A body moving in  a straight line cones a distance of 14m in 5th sec  and 20m in 8th sec . how much distance will it cover in 15th  sec 

This query becomes simple if you consider the distance formula and find u and a from it and solve for the asked time interval.

 

The following steps will aid you in the query:

 

1) Consider distance formula, s = ut + at²/2. This gives the total distance travelled in t seconds. But, the given data is of t^th second and not total t seconds.

 

2) So, consider for 5^th second first. S₅ = distance travelled in 5 seconds - distance travelled in 4 seconds. S₅ = [(5u + 25a/2) - (4u + 16a/2)]. You will get S₅ = 14 = u + 9a/2.

 

3) Similarly, find S₈ = 20 = u + 15a/2.

 

4) So, now you have 2 equations.

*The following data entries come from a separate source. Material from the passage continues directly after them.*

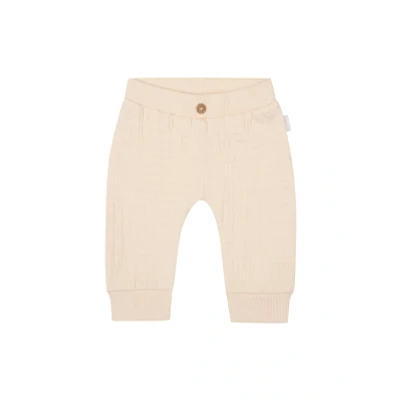 Afbeelding van Noppies broek voor baby girl ecru maat 50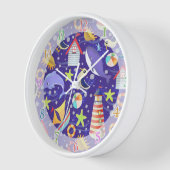 Fun Beach Blue Horloge (Angle)
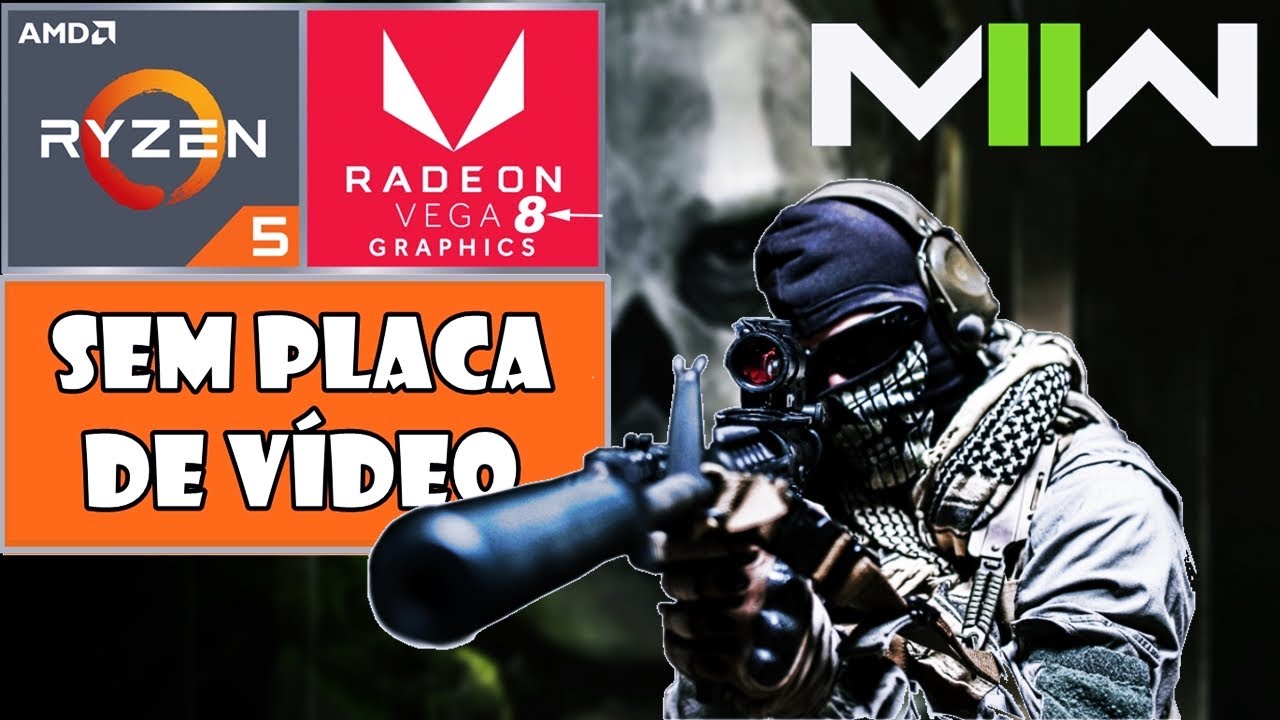 Vega Cod COD MODERN WARFARE 2 BETA - AMD RYZEN 5 3500U | VEGA 8 | 12GB RAM (SEM ...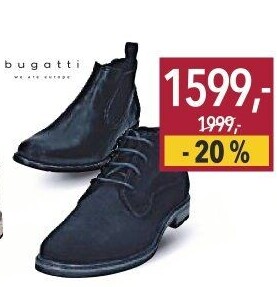 Pánské polobotky Bugatti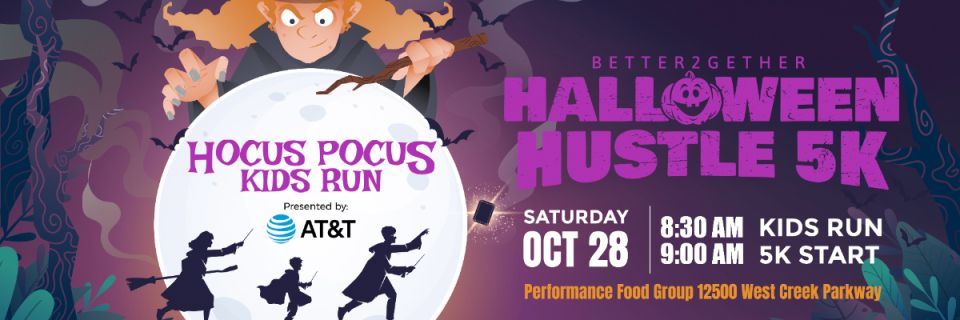 Better2gether Halloween Hustle 5K & Kids Run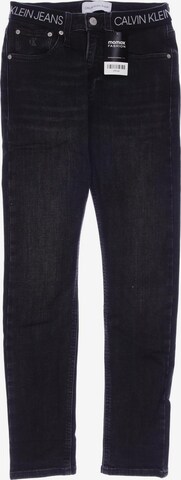 Calvin Klein Jeans Jeans 28 in Schwarz: predná strana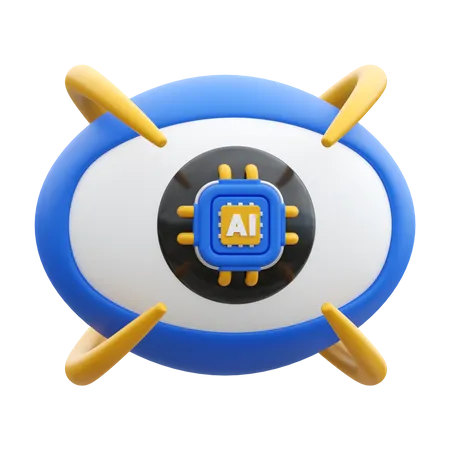 Ai Scanner  3D Icon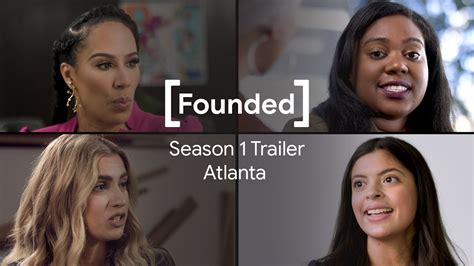 Women Tech Founders Founded Season 1 Trailer Youtube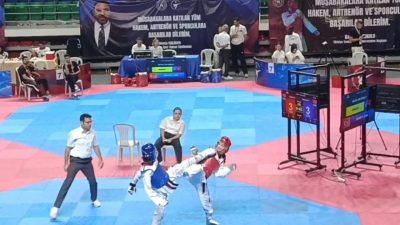 Muğla’nın Köyceğiz ilçesi Yunus Emre Ortaokulu öğrencisi Zişan Koparan, Alanya’da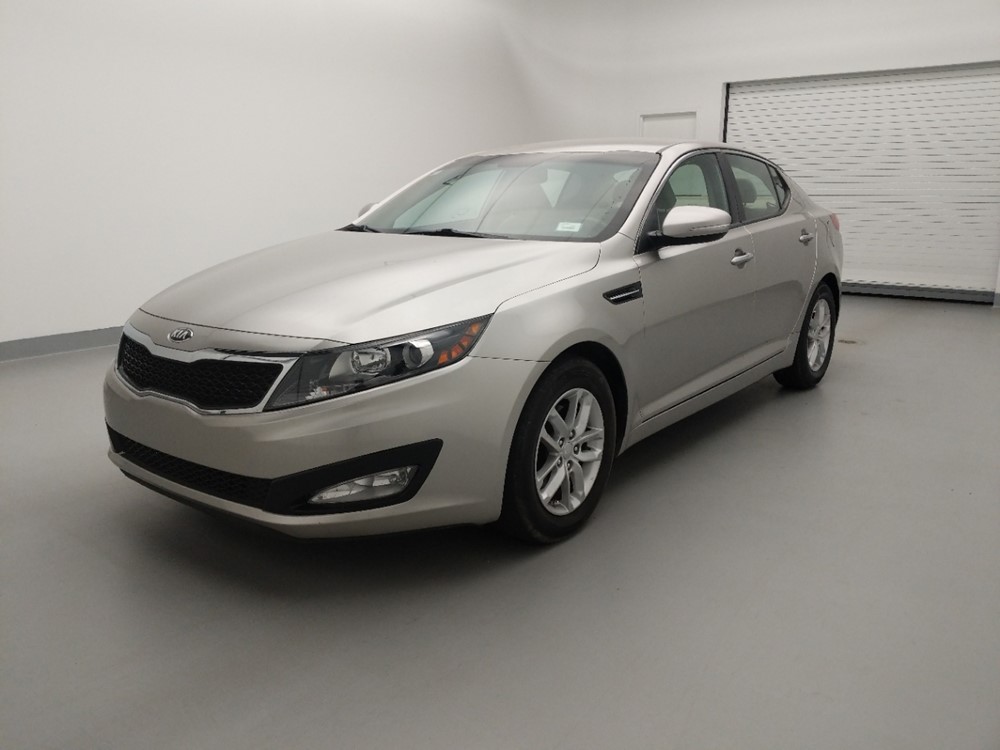2013 Kia Optima - Driver Front Bumper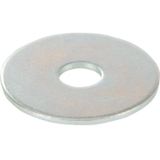 Fixman Assortiment sluitringen - roestbestendig - 1000-delig - met opbergkoffer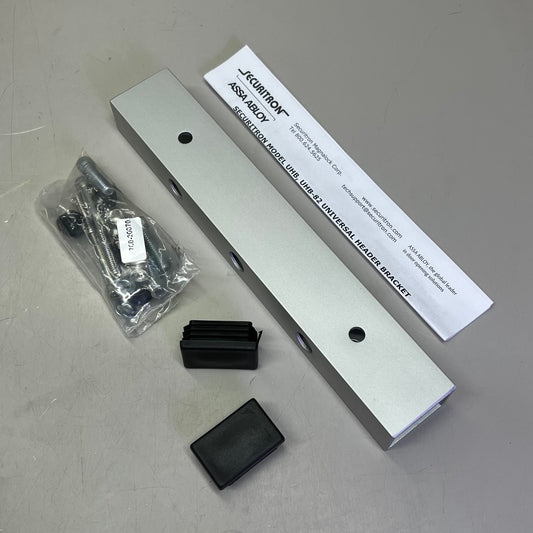 ASSA ABLOY Universal Header Bracket For Magnalock 1"x1-1/2"x10" UHB-CL-8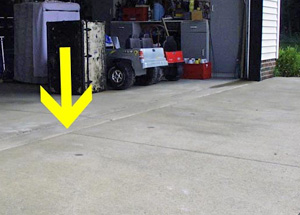 level driveway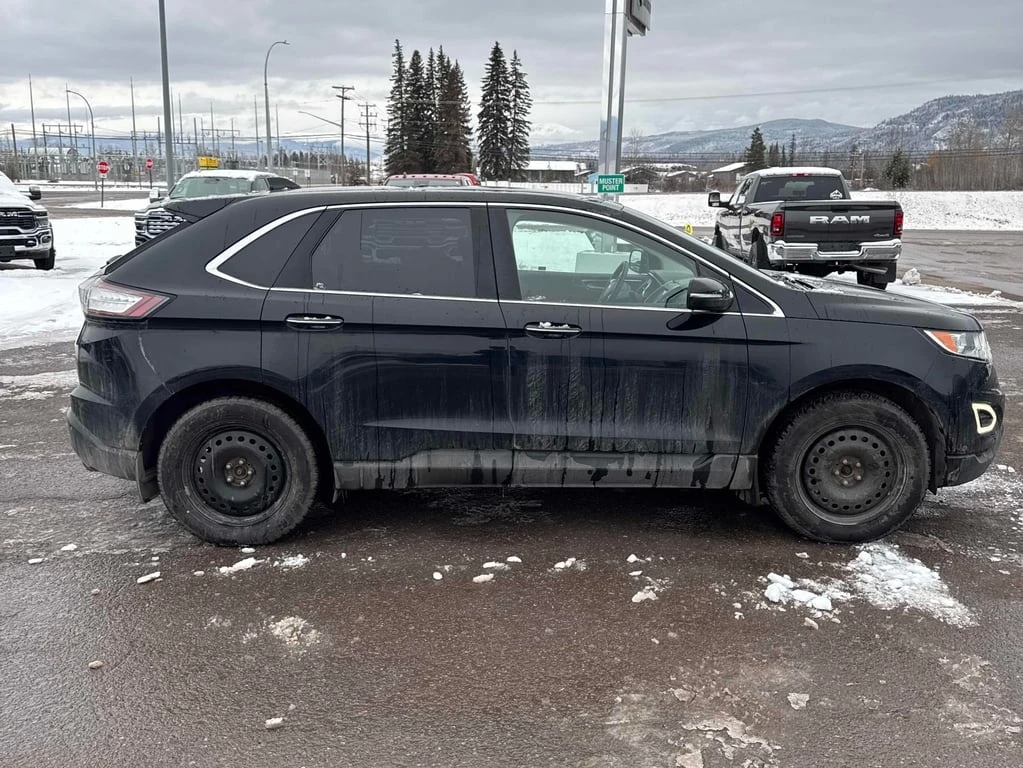 Ford Edge * Titanium * CARFAX * БЕЗ ПЪРВОНАЧАЛНА ВНОСКА - изображение 3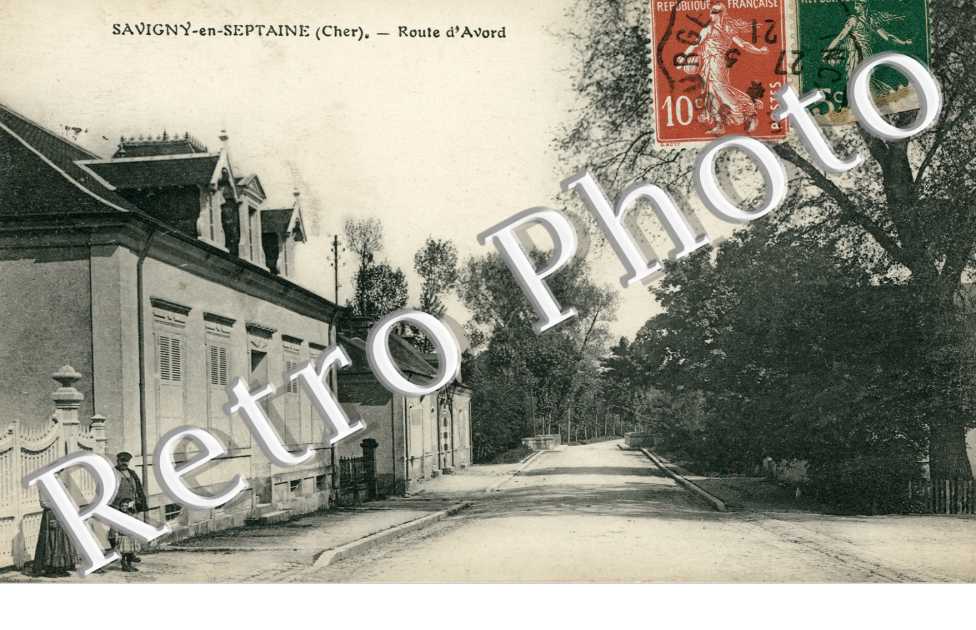 Route d'Avord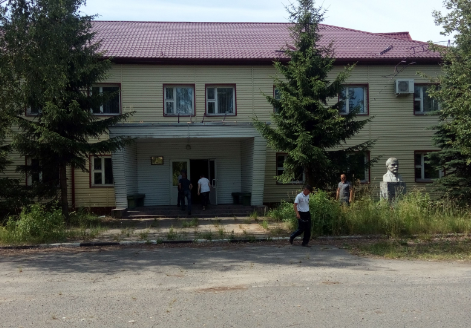 Продается объект недвижимости с железнодорожной веткой в Могилевской области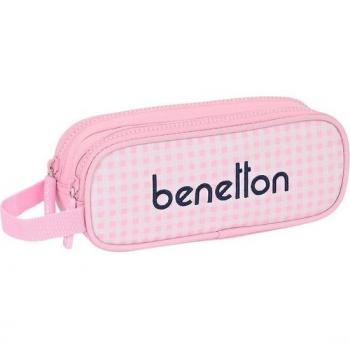 Benetton Vichy Rosa Multifunktionsetui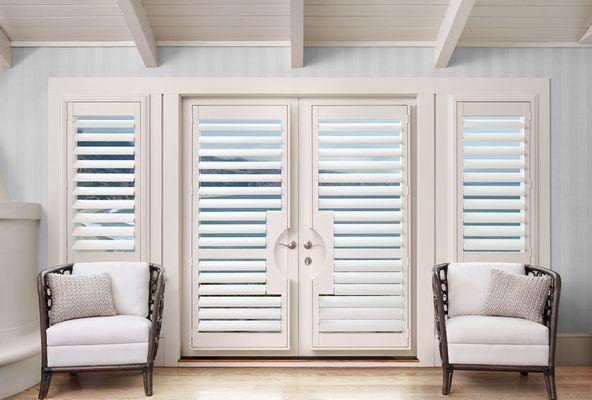 Plantation Shutter Doors.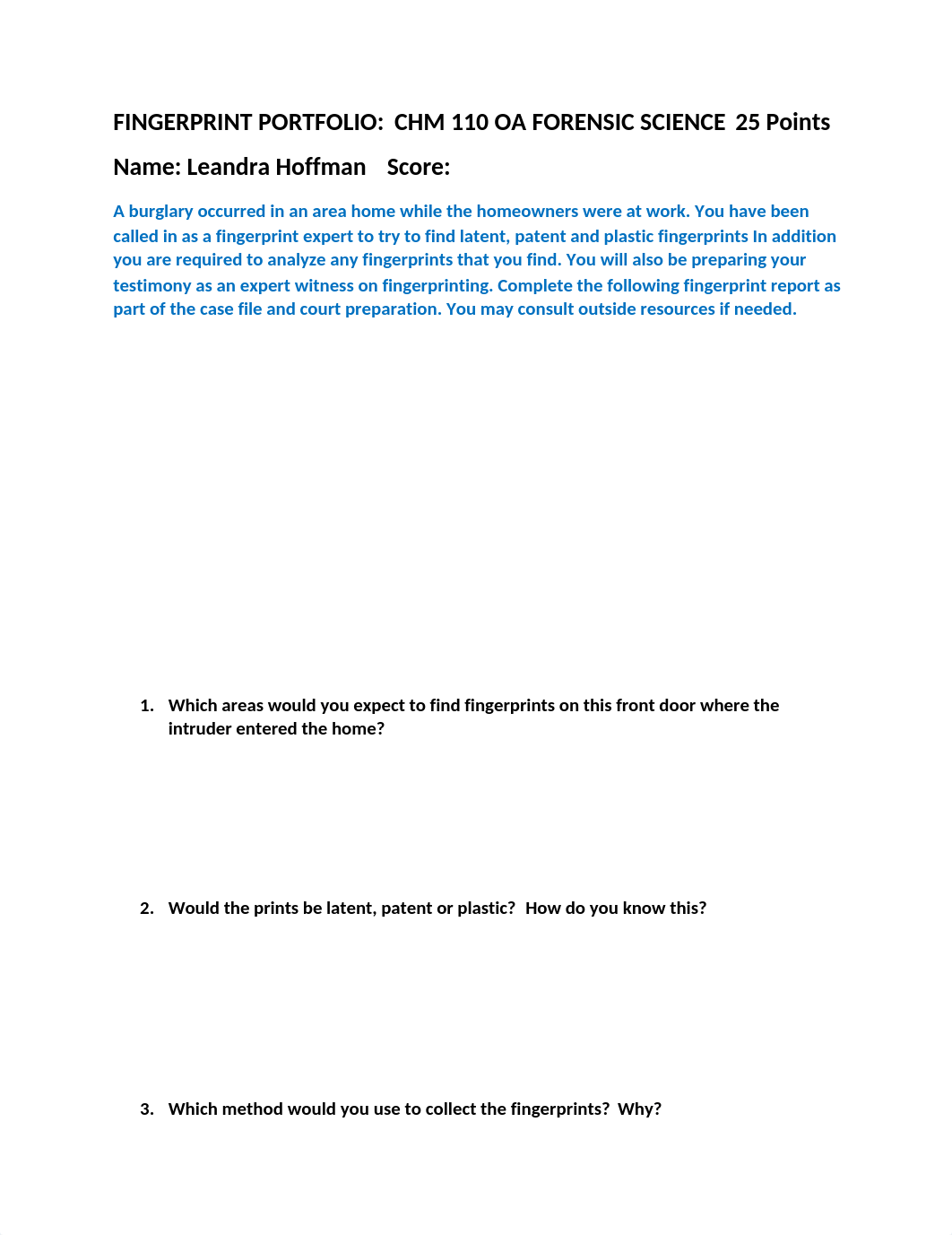 CHM 110 FINGERPRINT PORTFOLIO Lab Report.docx_d8pn6t5x7ds_page1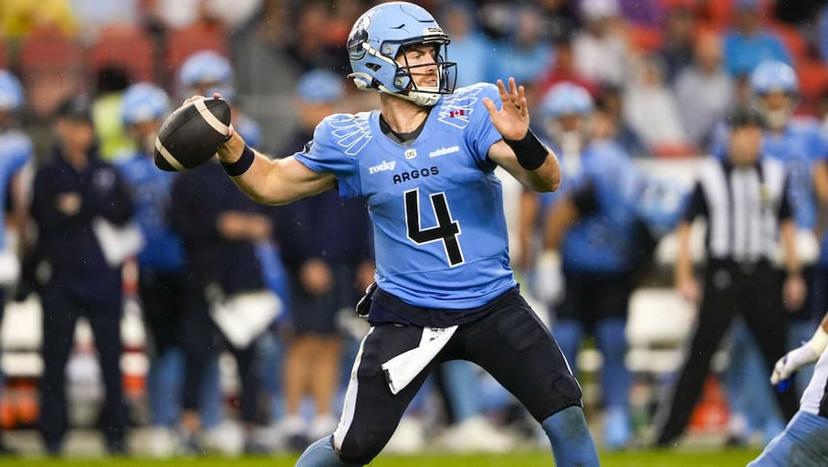 Toronto Argonauts quarterback Nick Arbuckle - Argonauts vs. Blue Bombers CFL Week 9 Prediction & Picks (8/1/2025)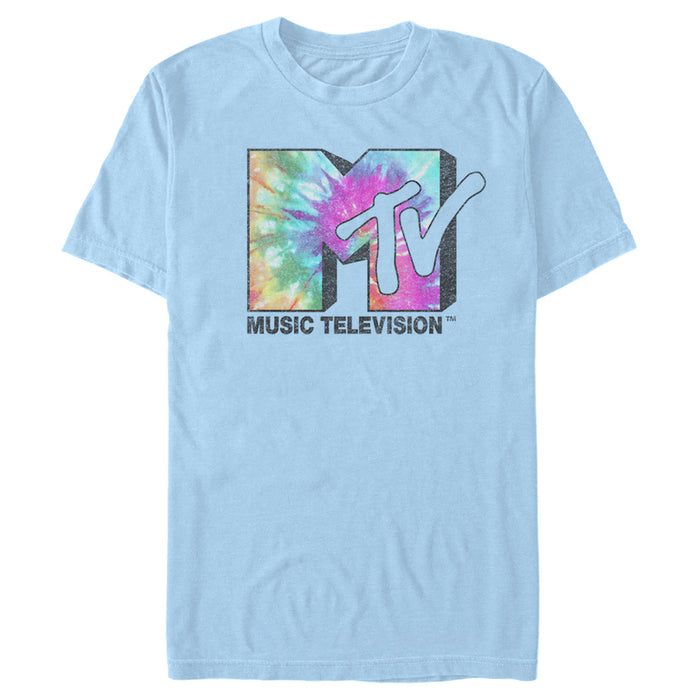 Fifth Sun Men's MTV Tie Dye Logo T-Shirt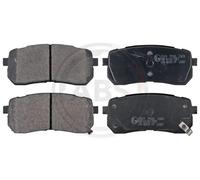 Bremsbeläge 37619 A.B.S. für HYUNDAI KIA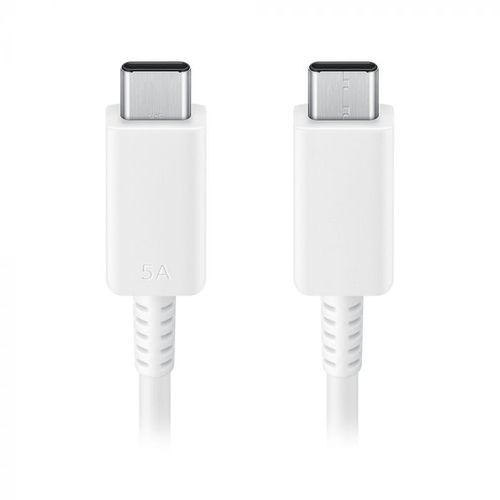 Samsung kabl USB-C na USB-C, 1,8m, 5A, beli slika 1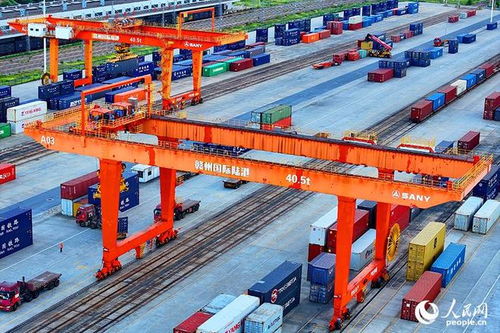 江西贛州貨物貿易進出口繁忙，區域經濟活力持續提升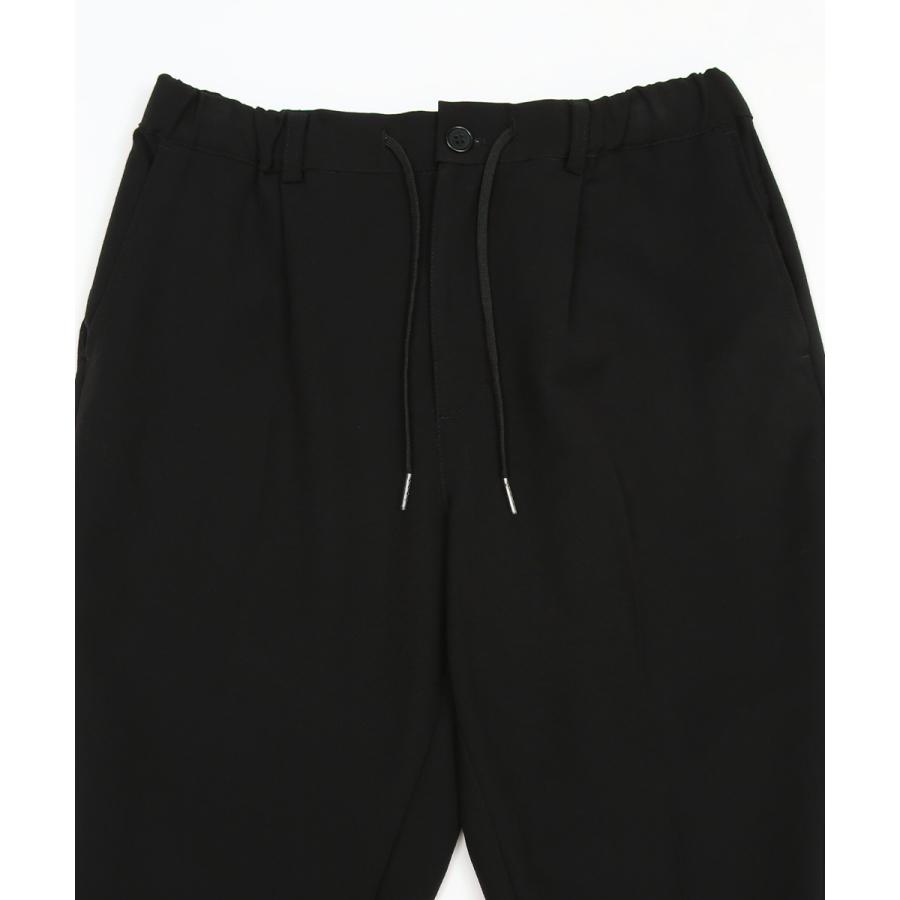 チェック パンツ メンズ チェック柄 アンクル テーパード イージーパンツ スラックス スリム 細身 スーツ improves | improves | 16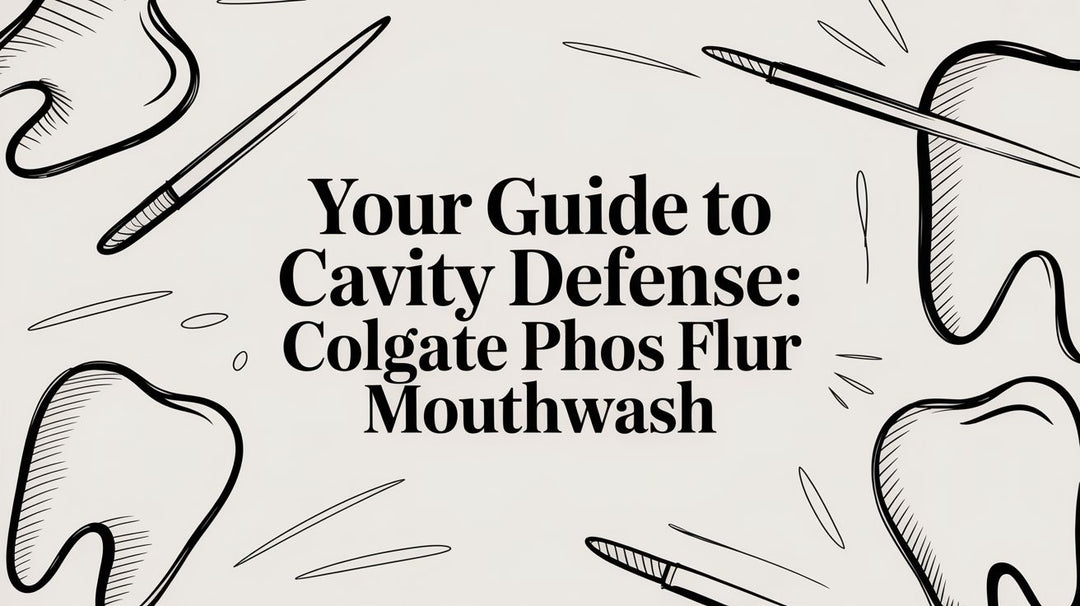 Your Guide to Cavity Defense: colgate phos flur mouthwash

Solve them to get the values of 'u' and 'a'. Once you subtract them, you will get 'a' = 2 m/s².

 

5) Then you multiply one equation by 10 and the other by 6. Then subtract the two equations and solve to get 'u'. You will get u = 5 m/s.

 

6) Finally use the values of u and a to get S₁₅ = [(15u + 225a/2) - (14u + 196a/2)] = u + 29a/2 = 34 m.